リーダーシップについて理解するためには、抽象的な概念であることを前提に、リーダーシップ像が多岐に渡ることやそれらに求められるスキルを把握することが重要です。
具体的なリーダーシップの種類
リーダーシップには多種多様な定義があり、多くの分類が存在します。ここでは、代表的なリーダーシップの種類について8つ紹介します。自分自身に合うリーダーシップ像は、おかれた立場や取り巻く状況によって様々です。どのリーダーシップが自分の個性や強みに合致しているかを考えてみましょう。
民主的リーダーシップ
民主的リーダーシップとは、言葉通り組織のメンバーが意思決定のプロセスに参画し、合意形成を図るスタイルです。
民主的リーダーシップには、メンバーの心理的安全性を確保し、自由に意見を出せる雰囲気作りが重要となります。
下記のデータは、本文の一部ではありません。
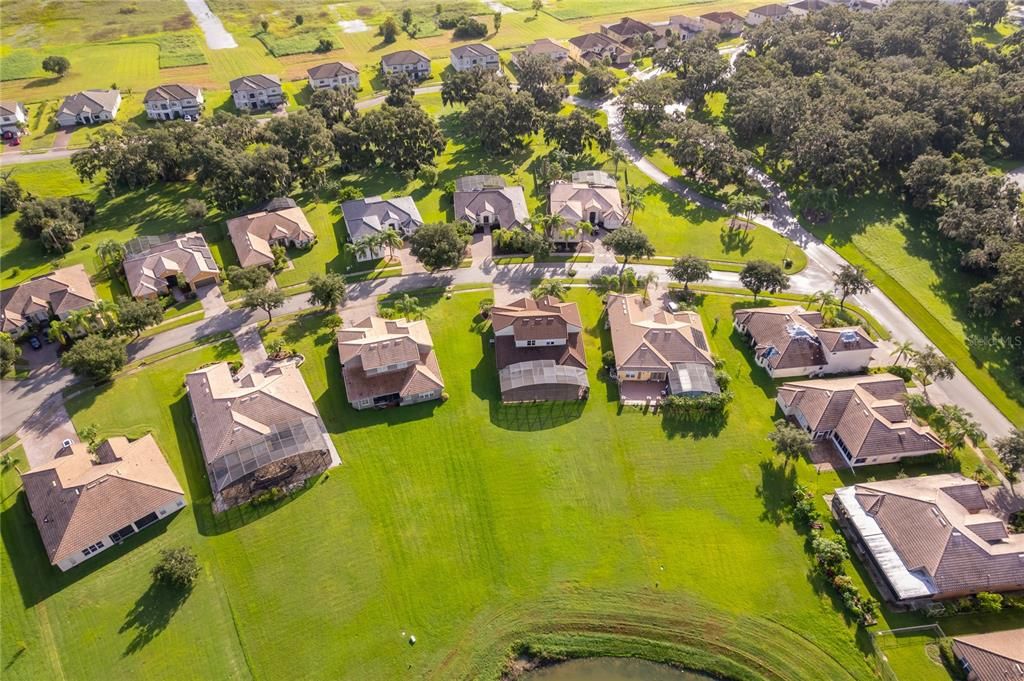 En Venta: $749,900 (6 camas, 4 baños, 3636 Pies cuadrados)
また、ディスカッションや対話などを通した意思決定に参加しやすい環境づくりも求められるでしょう。米国の心理学者レヴィンは、自らが提唱した3つのリーダーシップの中で、民主型リーダーシップが最も優れていると結論付けています。
民主的なリーダーシップの下では、メンバーは自分の意見が尊重されていると実感し、組織への帰属意識を高めるでしょう。また、組織全体での定着率や仕事に対する士気を高める効果も期待できます。しかし、ディスカッションや対話などを通して組織内での合意形成を図る必要があります。そのため、意思決定が非効率となり、時間とコストがかかるという側面もあります。
独裁的なリーダーシップ
独裁的なリーダーシップを掲げるリーダーは、メンバーに対して明確な指示と目標を与えます。このケースでは、リーダーとその周辺の幹部クラスにあらゆる決定権が集中しているため、トップダウン型の意思決定がされるのが一般的です。多くの場合、メンバーにはトップから降りてきた指示を忠実にこなすことが求められています。
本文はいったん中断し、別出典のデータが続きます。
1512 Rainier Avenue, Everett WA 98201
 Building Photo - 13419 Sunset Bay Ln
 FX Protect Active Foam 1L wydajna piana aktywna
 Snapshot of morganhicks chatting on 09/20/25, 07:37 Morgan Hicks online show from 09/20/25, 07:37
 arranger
また、独裁的なリーダーシップの下では、意思決定が迅速に行われるため組織全体でこなせる仕事量は増え、短期的にはパフォーマンスの向上を期待できます。
独裁的なリーダーは、明確で直接的なコミュニケーションを行うため、メンバーにとってはやることが明確になり、業務上の迷いが少なくなります。また、トップダウン型で意思決定がなされるため、組織全体を迅速に動かすことができるでしょう。
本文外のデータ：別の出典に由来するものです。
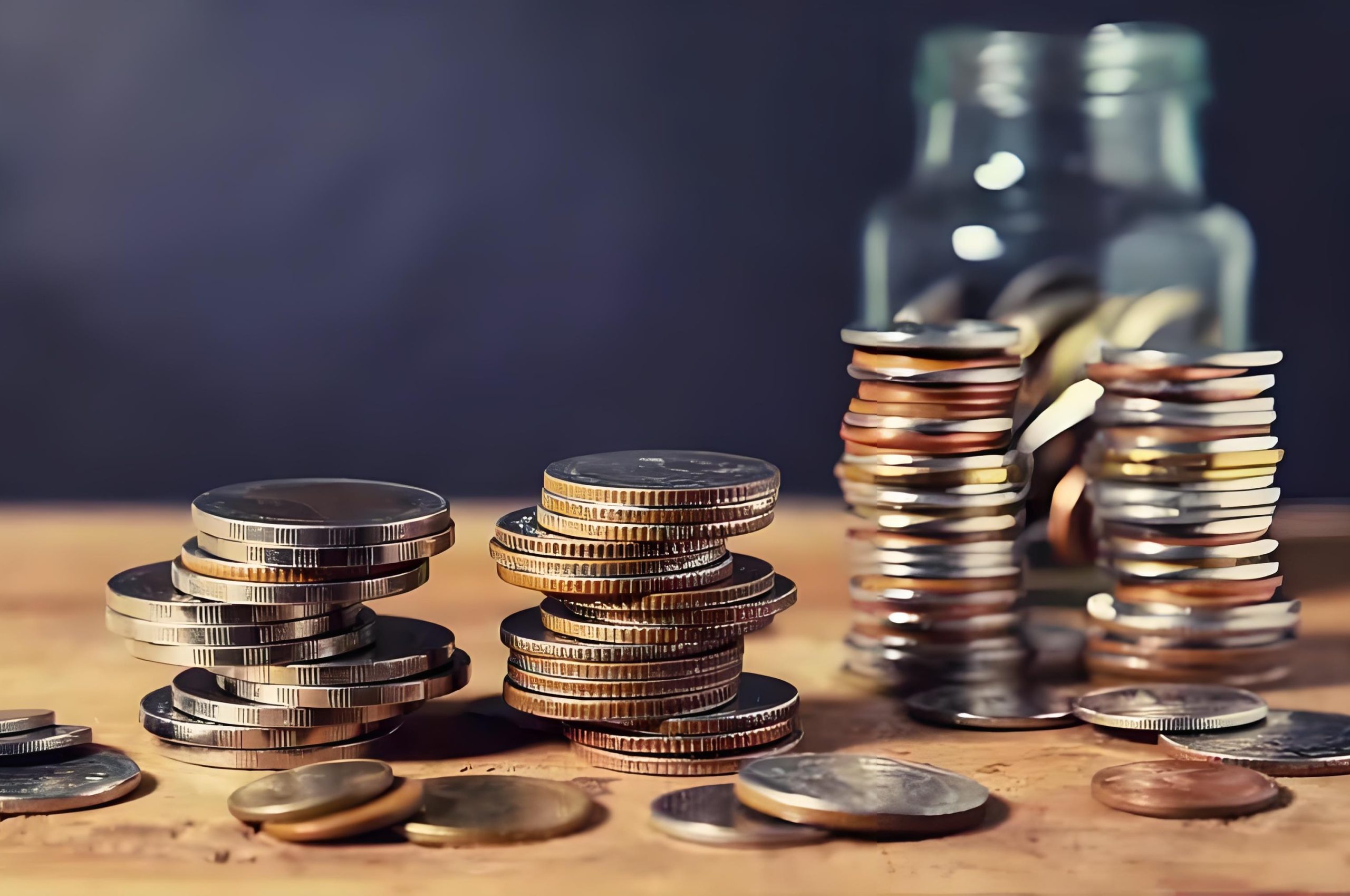 股改过程中的涉税处理案例分析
しかし、組織における責任を全て自分自身が負っているという自覚があるため、多大なストレスを感じる傾向にあります。また、組織の方向性がリーダーの価値観に依存しているため、組織の柔軟性が欠如し、仮にミスリードした場合、現場の混乱は言うまでもありません。
自由放任的リーダーシップ
自由放任型リーダーシップは委任型リーダーシップとも呼ばれ、問題のない範囲でメンバーに裁量を与え、自分自身のスタイルで仕事を進めることを推奨するリーダーシップです。独裁的なリーダーシップとはまさに正反対の概念といえるでしょう。
自由放任型のリーダーが率いる職場では、仕事に前向きに取り組み、常に創意工夫を続けるタイプの人が力を発揮できるでしょう。一方で、リーダーとメンバーのコミュニケーションが不足してしまうと、メンバーに対する統制がとれなくなるというリスクもあります。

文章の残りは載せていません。